Specifically, these new findings showed the study achieved its primary end point with a –18.8% placebo-adjusted difference in body mass index (BMI) reduction for the setmelanotide group. Therefore, mean BMI change from baseline was –16.4% for the treatment group (n = 94) vs 2.4% for the placebo group (n = 48) (P < .0001). Additionally, among patients aged 12 and older, the setmelanotide group had a mean weekly reduction of 2.5 points in the weekly average most hunger score vs a reduction of 1.3 points in the placebo group (P = .0015).

“Having a therapy for individuals and families affected by acquired hypothalamic obesity has the potential to be transformational,” Amy Wood, executive director and founder of the Raymond A. Wood Foundation, a nonprofit dedicated to advocacy for survivors of hypothalamic-pituitary brain tumors, said in a statement.8 “…[Setmelanotide] offers hope and a path forward for thousands of patients who have long been without options.”

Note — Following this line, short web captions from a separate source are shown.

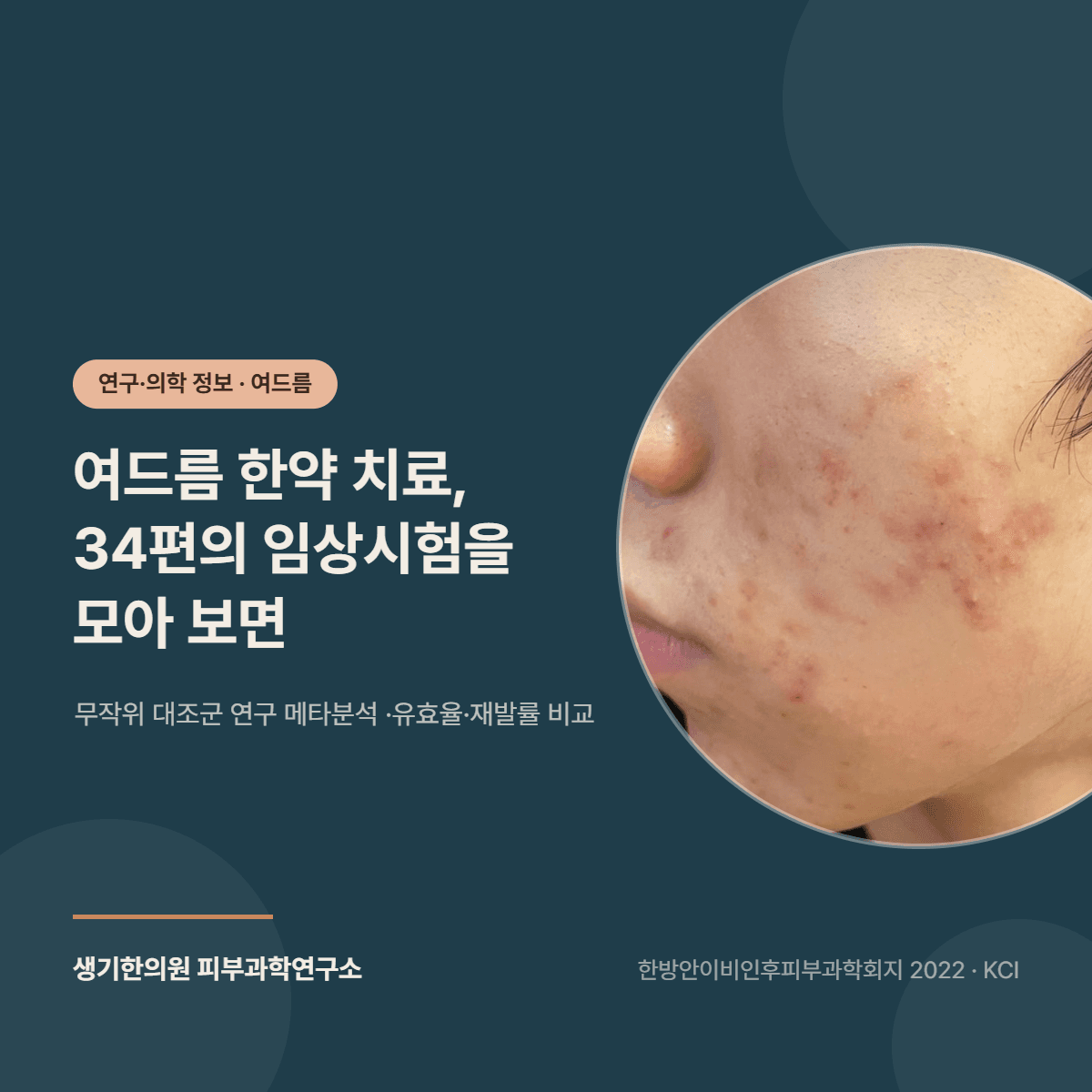 여드름 한약 치료 무작위 대조군 임상연구 메타분석 연구 소개 대표 이미지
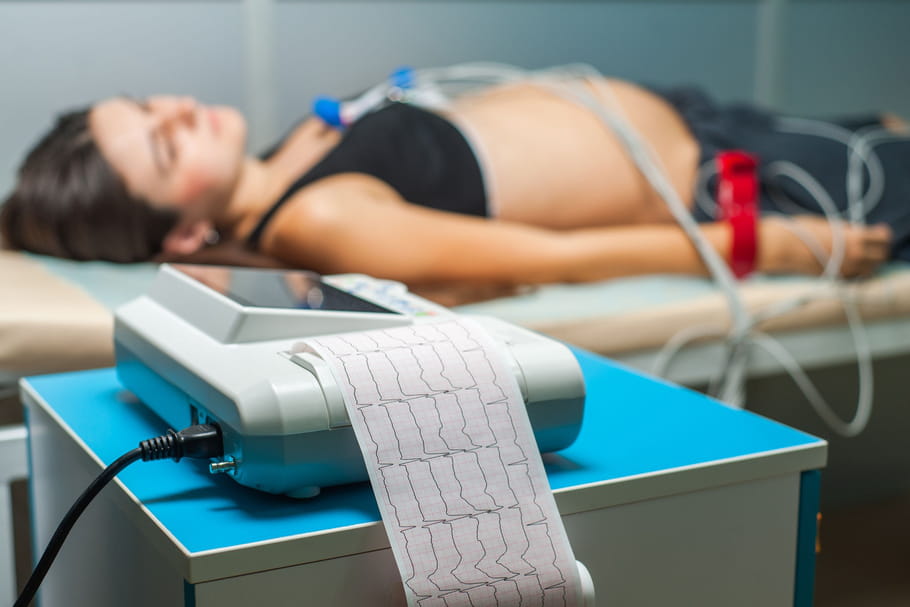ECG : principes du test, interprétation d'un électrocardiogramme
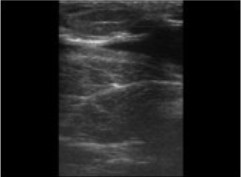 Escáner digital de ultrasonido veterinario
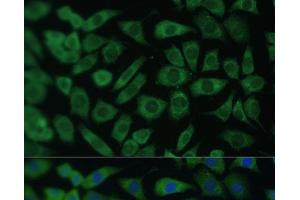 Immunofluorescence analysis of L929 cells using ARL3 Polyclonal Antibody at dilution of 1:100 (40x lens). (ARL3 抗体)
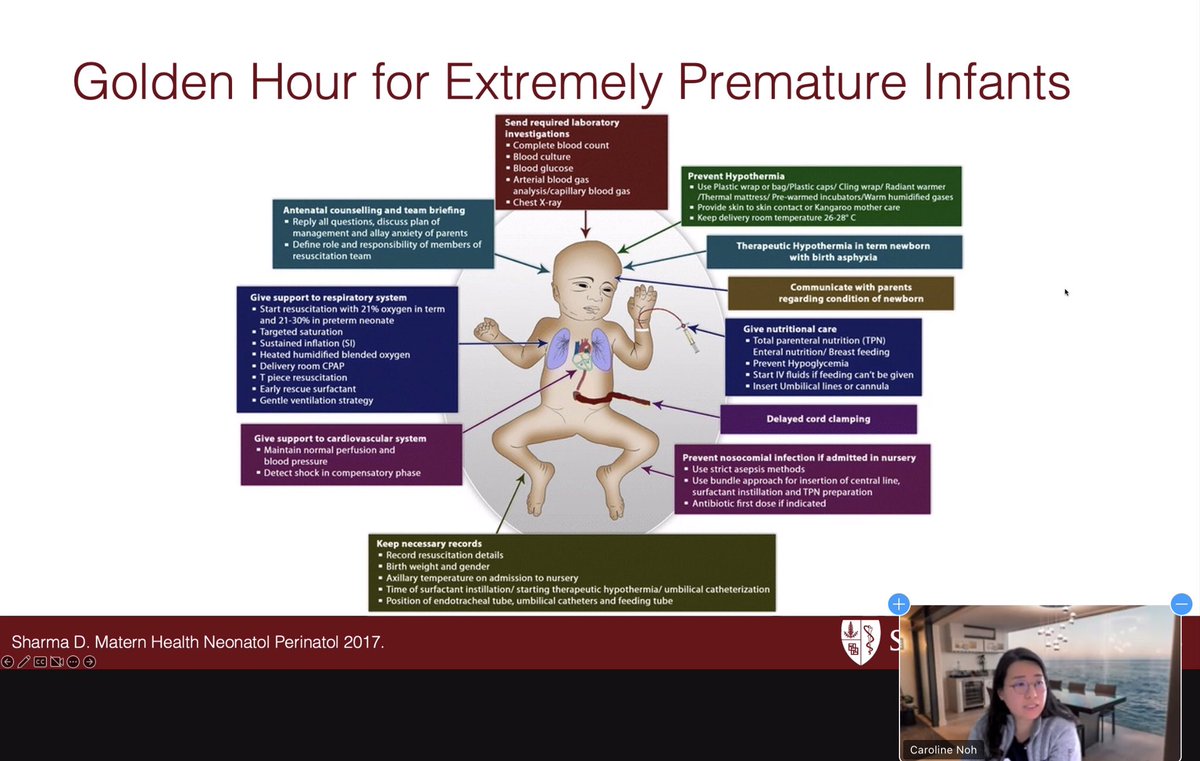 songMD's tweet photo. @nicunoh emphasizing importance of safeguarding #POCUSnicu with established program, education, follow-up assessments
And practical applications that may impact important outcomes!
Impressive @StanfordNeo program spearheaded by @SBhombalK3 & @AlexisDNeoMD
#CANneo
@WomenNeo https://t.co/9QWkigBK7G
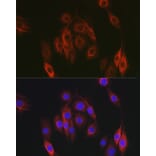 Immunofluorescence - Anti-HEF1/NEDD-9 Antibody (A14030) - Antibodies.com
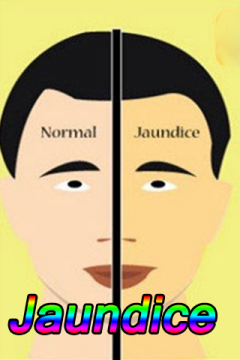 Jaundice Disease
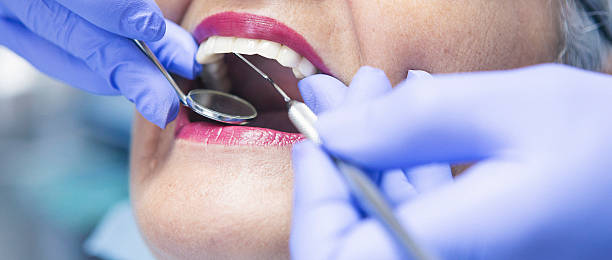 Best Emergency Treatment for Toothache in Sparta, GA
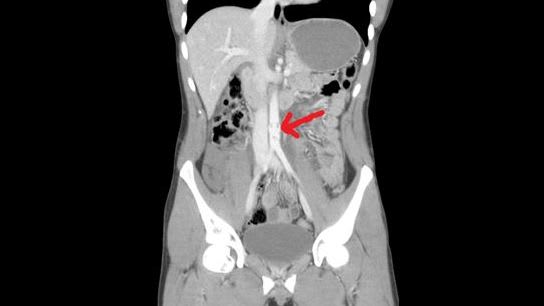 long blunt aortic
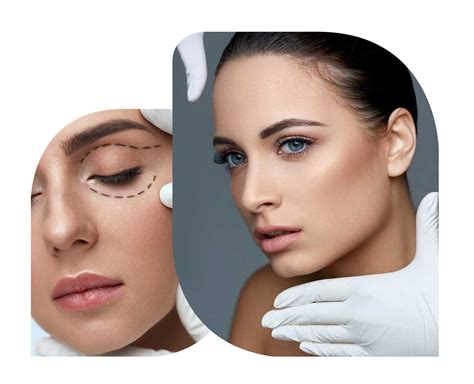 Scar Revision Procedure 的图像结果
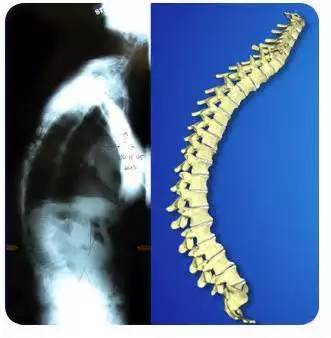 颈椎c4-5关节的退化,胸椎t4-5的退化,颈椎曲度变直,胸椎曲度增加(也就
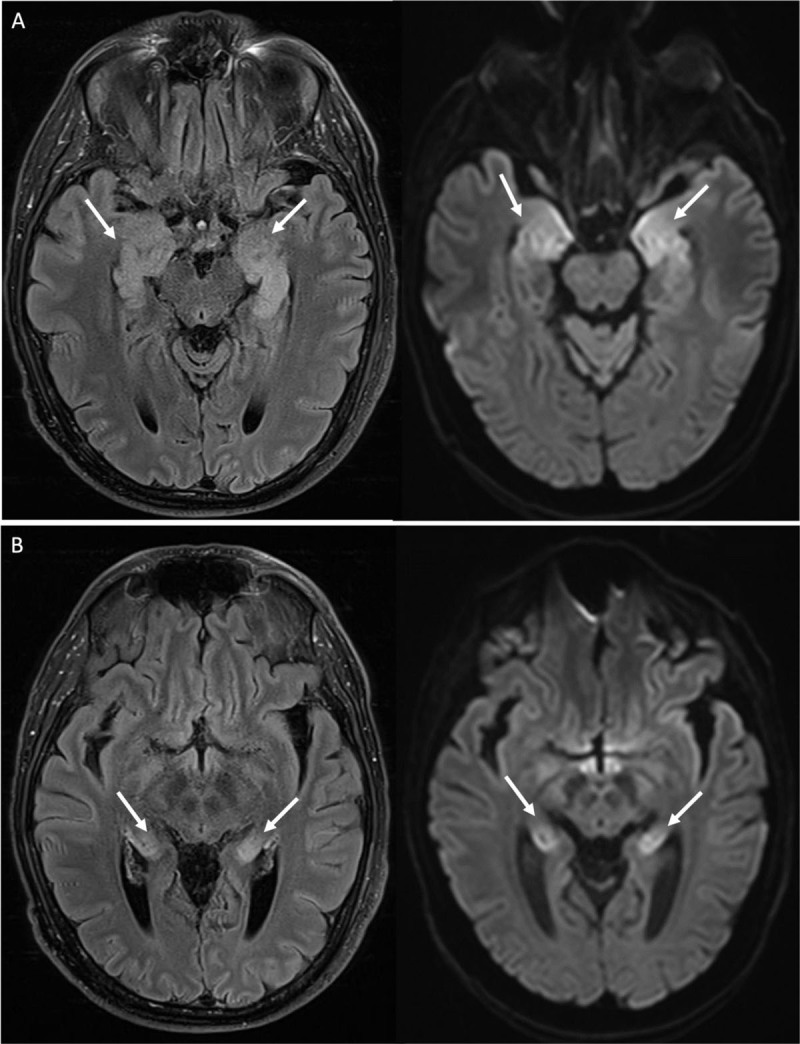 Human Herpesvirus-6 Encephalitis.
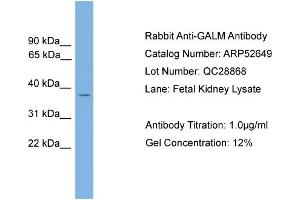 WB Suggested Anti-GALM  Antibody Titration: 0. (GALM 抗体  (Middle Region))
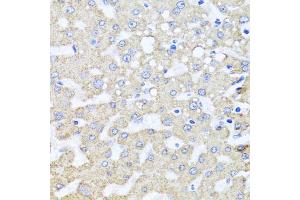 Immunohistochemistry of paraffin-embedded human liver injury using ARL6 antibody (ABIN5974886) at dilution of 1/100 (40x lens). (ARL6 抗体)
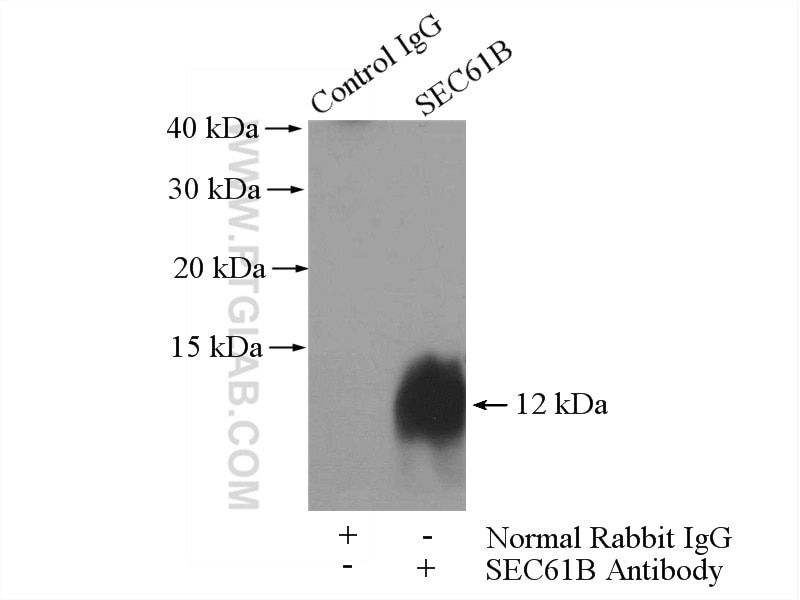 Immunoprecipitation (IP) experiment of HepG2 cells using SEC61B Polyclonal antibody (15087-1-AP)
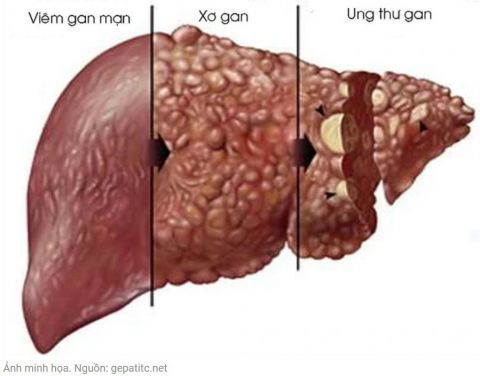 tong-quan-ve-viem-gan-man-tinh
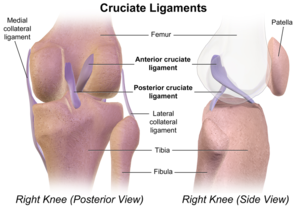 A posterior cruciate ligament szakadás - Homorú-domború lencse
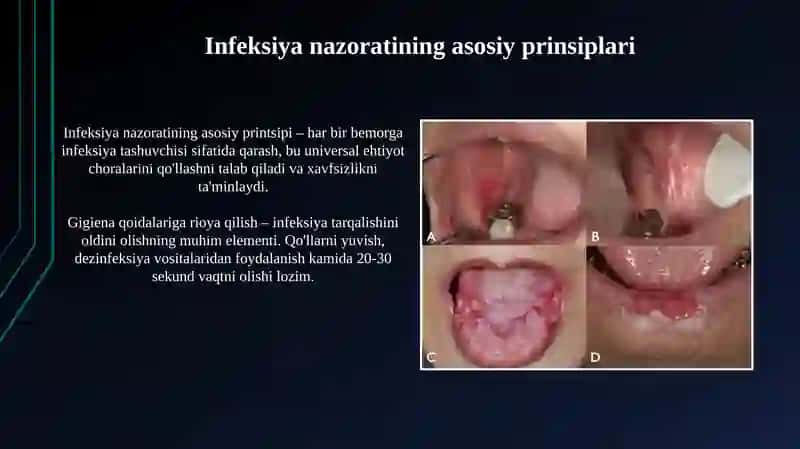 Stomatologik amaliyotda OIV infeksiyasi va virusli hepatitlarning oldini olish choralar 3
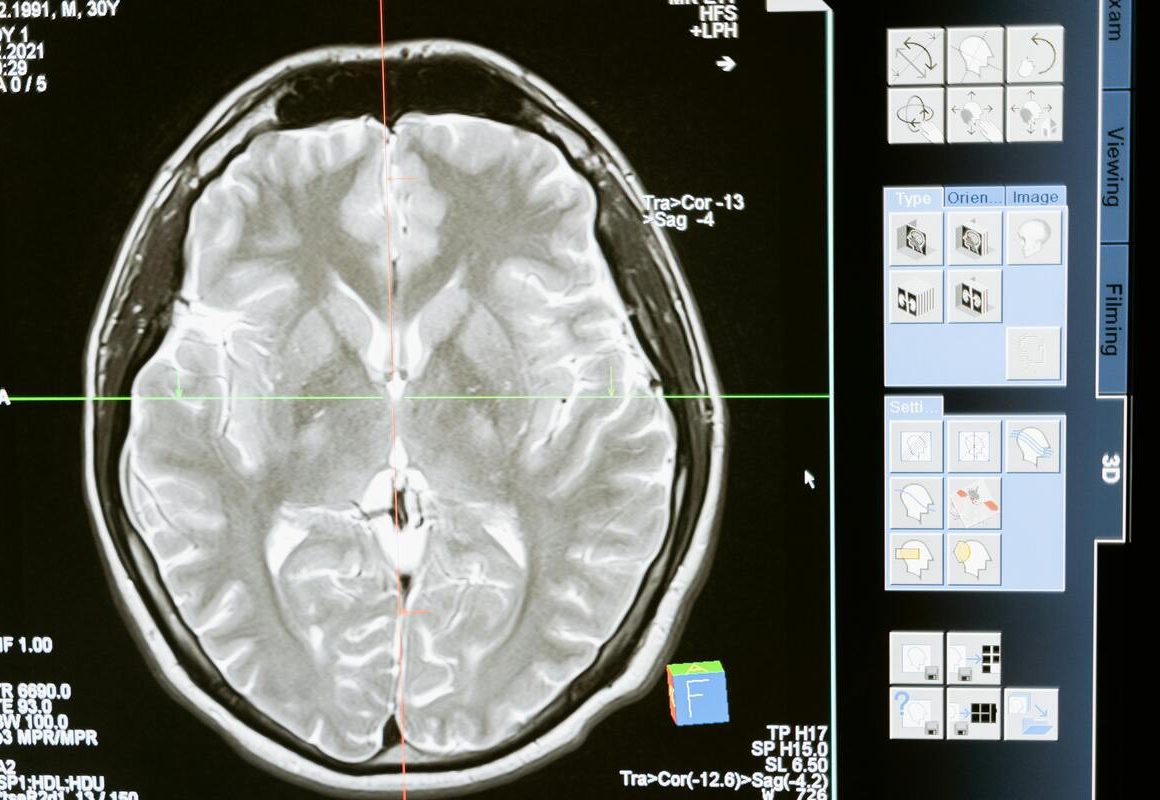 De ce un diagnostic imagistic corect schimbă tot ce urmează în tratamentul tău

FDA Approves Novel Weekly Basal Insulin for T2D

Before the month’s end, on March 26, the agency approved once-weekly insulin icodec-abae (Awiqli; Novo Nordisk) for adult patients with T2D, with the 700-units/mL dose projected to launch in the second half of 2026.9 The treatment option is first in its class, freeing this patient population from its strict schedule of daily basal insulin injections and reducing total injections from 7 to 1 for each 7-day period.

The approval was supported by 4 of the 6 phase 3a trials in the ONWARDS program, involving 2680 adult patients with uncontrolled T2D. The primary end point of interest was hemoglobin A1c reduction.

Insulin icodec-abae is indicated as an adjunct to diet and exercise for improved glycemic control, as well as for those also taking mealtime insulin or another common oral antidiabetic agent and/or a glucagon-like peptide-1 receptor agonist. Administration of the treatment is with or without food via a prefilled FlexTouch device on the same day each week.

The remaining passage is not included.